*Requirement:*
All of the data is to be copied without a single change.

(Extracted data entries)
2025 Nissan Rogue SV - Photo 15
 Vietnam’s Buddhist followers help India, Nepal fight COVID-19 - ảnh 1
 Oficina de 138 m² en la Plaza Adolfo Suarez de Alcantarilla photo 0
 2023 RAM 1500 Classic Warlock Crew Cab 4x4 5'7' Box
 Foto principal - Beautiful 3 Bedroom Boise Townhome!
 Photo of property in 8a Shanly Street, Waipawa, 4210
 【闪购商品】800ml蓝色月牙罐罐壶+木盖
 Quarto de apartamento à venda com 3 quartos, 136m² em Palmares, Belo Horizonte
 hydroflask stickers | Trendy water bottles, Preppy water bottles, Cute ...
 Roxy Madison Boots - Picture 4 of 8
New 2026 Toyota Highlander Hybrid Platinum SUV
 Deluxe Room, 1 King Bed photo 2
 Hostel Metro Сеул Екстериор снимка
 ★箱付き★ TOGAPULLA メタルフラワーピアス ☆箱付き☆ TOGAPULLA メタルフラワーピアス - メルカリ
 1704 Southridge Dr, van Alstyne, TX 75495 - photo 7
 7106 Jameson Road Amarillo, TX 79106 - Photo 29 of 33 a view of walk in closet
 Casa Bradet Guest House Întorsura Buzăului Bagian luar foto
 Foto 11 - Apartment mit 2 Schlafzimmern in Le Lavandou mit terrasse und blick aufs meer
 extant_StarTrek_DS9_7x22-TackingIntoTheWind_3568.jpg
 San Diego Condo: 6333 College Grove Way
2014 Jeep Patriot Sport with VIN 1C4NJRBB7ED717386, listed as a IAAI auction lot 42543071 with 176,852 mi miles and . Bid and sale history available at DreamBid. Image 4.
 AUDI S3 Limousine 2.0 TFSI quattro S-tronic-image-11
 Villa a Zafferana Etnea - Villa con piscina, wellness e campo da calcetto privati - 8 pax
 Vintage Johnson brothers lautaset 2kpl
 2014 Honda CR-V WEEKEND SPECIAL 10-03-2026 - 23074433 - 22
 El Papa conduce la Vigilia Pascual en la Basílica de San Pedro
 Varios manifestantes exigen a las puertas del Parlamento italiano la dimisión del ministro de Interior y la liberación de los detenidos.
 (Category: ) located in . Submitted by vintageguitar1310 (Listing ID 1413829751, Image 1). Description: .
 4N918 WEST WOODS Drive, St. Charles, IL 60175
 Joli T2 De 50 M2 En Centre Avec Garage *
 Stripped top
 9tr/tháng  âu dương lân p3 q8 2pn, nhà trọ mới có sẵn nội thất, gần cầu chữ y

*Answer to this exercise:*
2025 Nissan Rogue SV - Photo 15
 Vietnam’s Buddhist followers help India, Nepal fight COVID-19 - ảnh 1
 Oficina de 138 m² en la Plaza Adolfo Suarez de Alcantarilla photo 0
 2023 RAM 1500 Classic Warlock Crew Cab 4x4 5'7' Box
 Foto principal - Beautiful 3 Bedroom Boise Townhome!
 Photo of property in 8a Shanly Street, Waipawa, 4210
 【闪购商品】800ml蓝色月牙罐罐壶+木盖
 Quarto de apartamento à venda com 3 quartos, 136m² em Palmares, Belo Horizonte
 hydroflask stickers | Trendy water bottles, Preppy water bottles, Cute ...
 Roxy Madison Boots - Picture 4 of 8
New 2026 Toyota Highlander Hybrid Platinum SUV
 Deluxe Room, 1 King Bed photo 2
 Hostel Metro Сеул Екстериор снимка
 ★箱付き★ TOGAPULLA メタルフラワーピアス ☆箱付き☆ TOGAPULLA メタルフラワーピアス - メルカリ
 1704 Southridge Dr, van Alstyne, TX 75495 - photo 7
 7106 Jameson Road Amarillo, TX 79106 - Photo 29 of 33 a view of walk in closet
 Casa Bradet Guest House Întorsura Buzăului Bagian luar foto
 Foto 11 - Apartment mit 2 Schlafzimmern in Le Lavandou mit terrasse und blick aufs meer
 extant_StarTrek_DS9_7x22-TackingIntoTheWind_3568.jpg
 San Diego Condo: 6333 College Grove Way
2014 Jeep Patriot Sport with VIN 1C4NJRBB7ED717386, listed as a IAAI auction lot 42543071 with 176,852 mi miles and . Bid and sale history available at DreamBid. Image 4.
 AUDI S3 Limousine 2.0 TFSI quattro S-tronic-image-11
 Villa a Zafferana Etnea - Villa con piscina, wellness e campo da calcetto privati - 8 pax
 Vintage Johnson brothers lautaset 2kpl
 2014 Honda CR-V WEEKEND SPECIAL 10-03-2026 - 23074433 - 22
 El Papa conduce la Vigilia Pascual en la Basílica de San Pedro
 Varios manifestantes exigen a las puertas del Parlamento italiano la dimisión del ministro de Interior y la liberación de los detenidos.
 (Category: ) located in . Submitted by vintageguitar1310 (Listing ID 1413829751, Image 1). Description: .
 4N918 WEST WOODS Drive, St. Charles, IL 60175
 Joli T2 De 50 M2 En Centre Avec Garage *
 Stripped top
 9tr/tháng  âu dương lân p3 q8 2pn, nhà trọ mới có sẵn nội thất, gần cầu chữ y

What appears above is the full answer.